Common Operations on Images
Image processing is a fascinating thing. After spending some time on this, I realized that all the image editing you do with the help of 3rd party tools can be done with OpenCV and much more. Many special effects applied by your camera app can be easily done with the help of OpenCV, in very few lines of code.
This is a small attempt made by me to describe the most common operations that are performed using OpenCV.
CV in the OpenCV stands for “Computer Vision” and open in the sense that it is “Open source”. So OpenCV is Open source Computer Vision. OpenCV is written in C++ but worries not, it has got its wrappers in Python, MATLAB, Java, etc.
Installation in Linux is very easy. If you just want to install OpenCV for python (which will suffice in our case), this is the command:
pip3 install opencv-python
And that’s it!! You can start playing with your images now…
Let’s quickly go through reading and writing images through OpenCV:
import cv2
#Reading
input_image = cv2.imread("/path/to/input/image")
#perform some operations on image. Suppose you get 'converted_image'
#Writing
cv2.imwrite("/path/to/output/image",converted_image)
Converting to Grayscale
Grayscale images are very useful when you are performing text extraction or OCR of image documents. OCR engines perform very well on grayscale images rather than colored images.
gray_image = cv2.cvtColor(input_image, cv2.COLOR_BGR2GRAY)
Here is what the input and output images look like:
A point note here is that colored images (BGR) in OpenCV are represented as a 3-dimensional array (n x m x 3) in memory. The grayscale images are represented as a 2-dimensional array (n x m). You can access a pixel value by its row and column coordinates. For the BGR image, it returns an array of Blue, Green, Red values. For grayscale images, just corresponding intensity is returned.

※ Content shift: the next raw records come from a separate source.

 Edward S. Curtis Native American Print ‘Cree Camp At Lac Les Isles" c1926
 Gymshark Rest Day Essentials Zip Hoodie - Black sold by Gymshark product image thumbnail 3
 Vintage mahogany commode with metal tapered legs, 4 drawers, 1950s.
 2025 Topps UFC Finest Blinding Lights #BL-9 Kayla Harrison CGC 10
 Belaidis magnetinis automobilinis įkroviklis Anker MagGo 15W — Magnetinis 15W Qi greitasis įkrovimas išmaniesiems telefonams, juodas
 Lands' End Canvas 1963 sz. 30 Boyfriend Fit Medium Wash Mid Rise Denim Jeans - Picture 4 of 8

#shape is used to get the dimensions of the image
print (input_image.shape)
print (gray_image.shape)
#This will return [Blue, Green, Red] values of pixel at 50th row and 80th column
bgr_px = input_image[50,80]
Thresholding
In thresholding, every pixel of the image is assigned a value on the basis of the threshold. If the pixel value is smaller than the threshold, it is set to 0, otherwise, it is set to a maximum value (generally 255). Thresholding is generally done on grayscale images to convert them to binary images (containing only 0 and 255-pixel values.)
ret, thresh1 = cv2.threshold(gray, 0, 255, cv2.THRESH_OTSU)

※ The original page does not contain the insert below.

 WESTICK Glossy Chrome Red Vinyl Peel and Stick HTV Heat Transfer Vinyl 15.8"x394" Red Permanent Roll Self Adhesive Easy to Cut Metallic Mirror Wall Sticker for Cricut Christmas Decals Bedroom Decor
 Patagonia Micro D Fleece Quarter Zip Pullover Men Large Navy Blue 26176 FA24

cv2.imwrite("thresh.png",thresh1)
Thresholding is used to separate the light and dark parts of the images. It is generally used before OCRing the images and also used to deblur the images.
Inversion
Inversion simply means inverting the pixel values. Inversion is generally done on binary images and after inversion, white pixels will be converted to black, and black pixels will be converted to white.
We can invert an image using bitwise_not
function of OpenCV:
image_inv = cv2.bitwise_not(input_image)
Blurring or Smoothing
You might be wondering what is the need for blurring or smoothing a sharp image. While blur is undesirable in the images that you capture through your camera, but it’s quite useful in Image processing.
Here is the syntax to perform Average Bluring:
blurImg = cv2.blur(input_image,(10,10))
It simply takes the average of all the pixels under the kernel area and replaces the central element. Here we have defined the kernel size as (10, 10). You can try different values here and test.
Morphological Operations
Morphological operations are a set of operations that process images based on shapes. They apply a structuring element or kernel to an input image and generate an output image. The two most common morphological operations are Erosion and Dilation.
Erosion
import cv2
import numpy as np
img = cv2.imread('input_img.png')
# Matrix of size 5 as the kernel
kernel = np.ones((5,5), np.uint8)
img_erosion = cv2.erode(img, kernel, iterations=1)
cv2.imwrite("eroded.png",img_erosion)
Dilation
import cv2
import numpy as np
img = cv2.imread('input_img.png')
# Matrix of size 5 as the kernel
kernel = np.ones((5,5), np.uint8)
img_dilation = cv2.dilate(img, kernel, iterations=1)
cv2.imwrite("dilated.png",img_dilation)
These were some basic operations on images using OpenCV. Hope you find them useful!